One theory put forth about the midichlorians and Anakin was that he is the response from the Force to Darth Plagueis trying to create life. Anakin isn't the result of the Sith's experiments directly, but the counter from the Force to those experiments.


And yet that backfired.

The Force wasn't that smart.
 
it's conceivable that somewhere deep within Anakin's DNA or midichlorians (yeah, I went there) there was some kind of dark energy that helped drive him to anger and frustration and then, finally, evil

A midichlorian count is just a midichlorian count.
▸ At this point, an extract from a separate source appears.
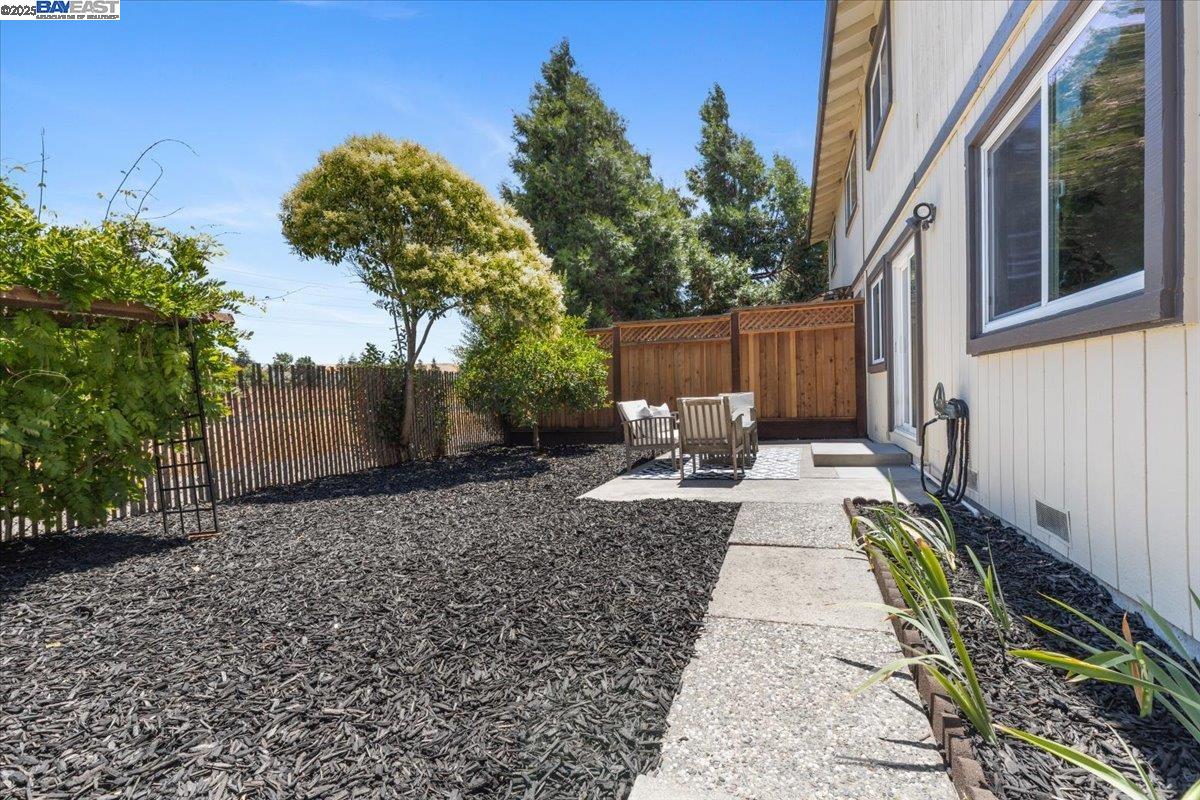 Detail Gallery Image 48 of 51 For 8351 Mulberry Pl, Dublin,  CA 94568 - 4 Beds | 2/1 Baths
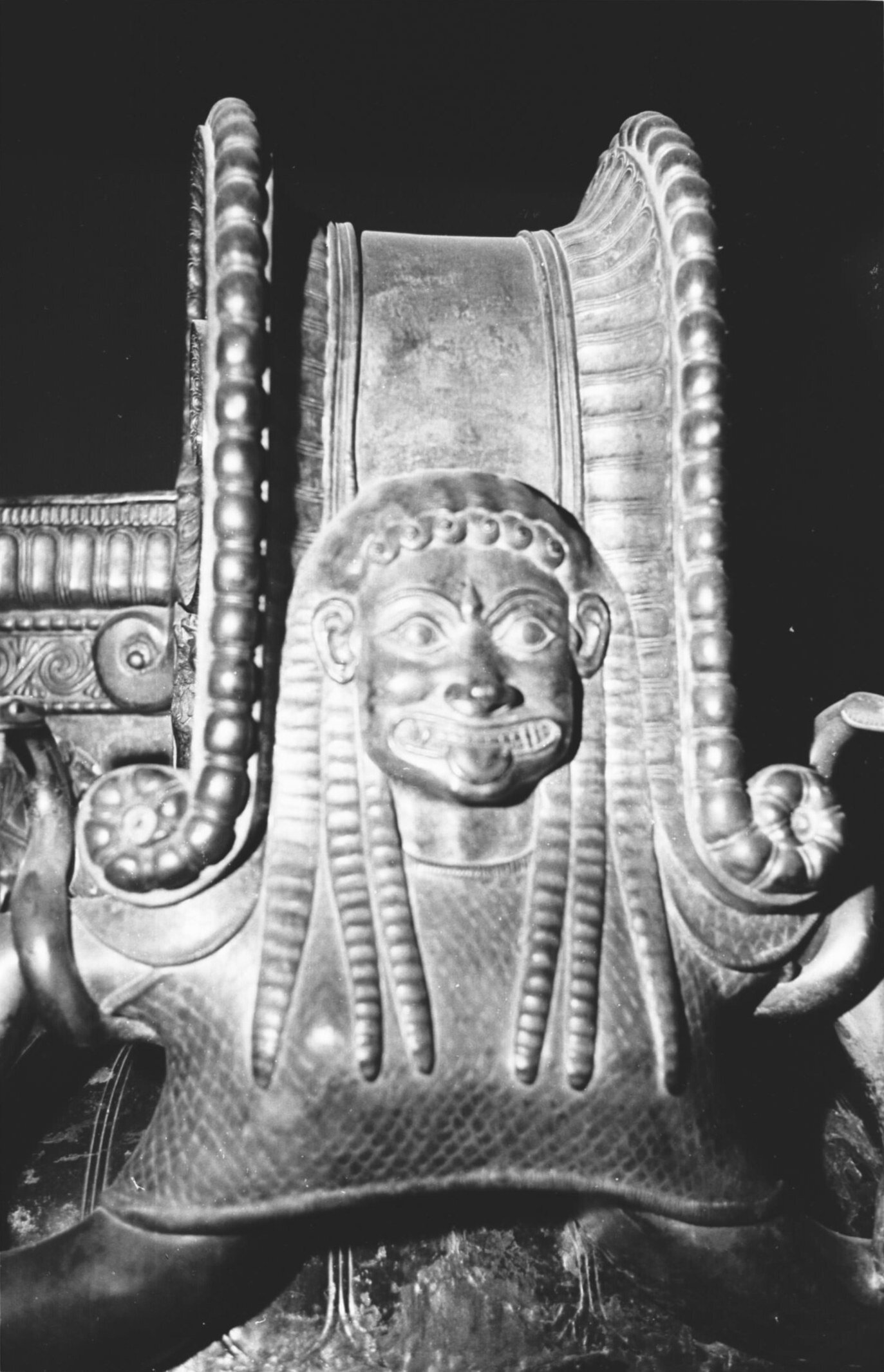A Gorgon head on the outside of each of the Vix-krater's three handles, from the grave of the Celtic Lady of Vix, 510 BC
It's not aligned in one direction or the other. It just turns up the volume, so to speak. By implication of TPM Yoda has the next highest midichlorian count on record.

Reverend said:
I suppose you could include Barris and the Grand Inquisitor there too, but that's more a sigh of how far the Order itself had fallen to the dark side by the end.

I'm skeptical on the issue of the order having supposedly "fallen to the dark side", but to some extent I think it's an issue of semantics. At any rate, I don't think Barriss should be taken as symptomatic of the whole order, any more than, say, Sora Bulq.

Ithekro said:
One theory put forth about the midichlorians and Anakin was that he is the response from the Force to Darth Plagueis trying to create life.

That was suggested by the book Darth Plagueis.